Leave the Lumad alone, RPRD tells the military

The Ramento Project for Rights Defenders (RPRD) joined a solidarity visit to Lumad indigenous people in Mindanao who were forced to flee their homes due to the heavy militarization in the Andap Valley Complex. The visit was part of an ecumenical group’s initiative to look into the real situation of the displaced Lumad who are on a mass evacuation toward Tandag City.

Some 1,600 Lumad from upland communities of Diatagon, Lianga in Surigao del Sur and neighboring villages fled towards the city on July 16, 2018, merely a month after the 75th Infantry Battalion of the Philippine Army built a military detachment and a patrol base in Diatagon.

The mass evacuation is also an act of indignation against military harassment, intimidation and threats, and the sexual harassment of their women and children. Still, the military continues to attack Lumad evacuees by imposing food blockade and the cutting of water and electric supply in the evacuation sites.

The military, too, prevented the Lumad from moving towards Tandag through hamletting. Their leaders were also charged with trumped-up cases for leading the mass evacuation.

Fr. Wilfredo Ruazol, who represented RPRD during the solidarity visit, expressed disbelief at the military’s attacks and the many cases of abuses against the rights of the Lumad.

“Subjecting the Lumad to military persecution, militarizing their villages and harassing and threatening them in their own land and even when they flee from their atrocities are apparent demonstrations of the gross human rights violations in the country,” he said.

Fr Jonas Joyohoy, RPRD Executive Director, saw the resurgence of military attacks against Lumad communities in the light of the military rule that President Duterte imposed in Mindanao.

“These violations against the Lumad people are done with impunity in the context of martial law in Mindanao, and the Lumad are left totally defenseless,” the priest added.

The Lumad people said that the militarization of their villages is aimed to quell their resistance against the encroachment of large-scale and foreign-owned coal mining companies into their ancestral land.

On Feb. 1, no less than President Rodrigo Duterte declared Andap Valley Complex open to investors and told the Lumad to prepare for relocation.

Iglesia Filipina Independiente Bishop Dindo Ranojo and spokesperson of Assert Socio-Economic Initiatives Network (ASCENT) deplored the militarization of Lumad communities.
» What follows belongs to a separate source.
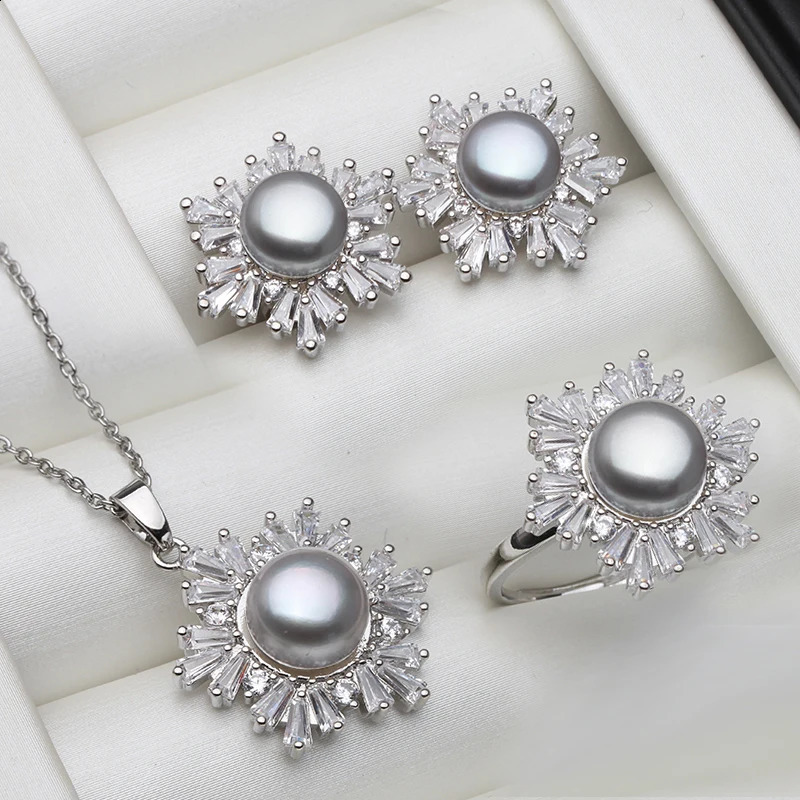 White Black Freshwater Natural Pearl Set WomenWedding 925 Sterling Silver Necklace Earring Sets Jewelry Anniversary Gift 260625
“What we are witnessing is how the government interprets a so-called development. It is where its own people are deprived of their land, its riches and minerals, while the few and the powerful are benefits from it,” the bishop said.

He also condemned the use of military might to drive the Lumad away from their ancestral domain.

RPRD demands the pull-out of military troops in the entire Andap Valley Complex so the Lumad can return to the communities.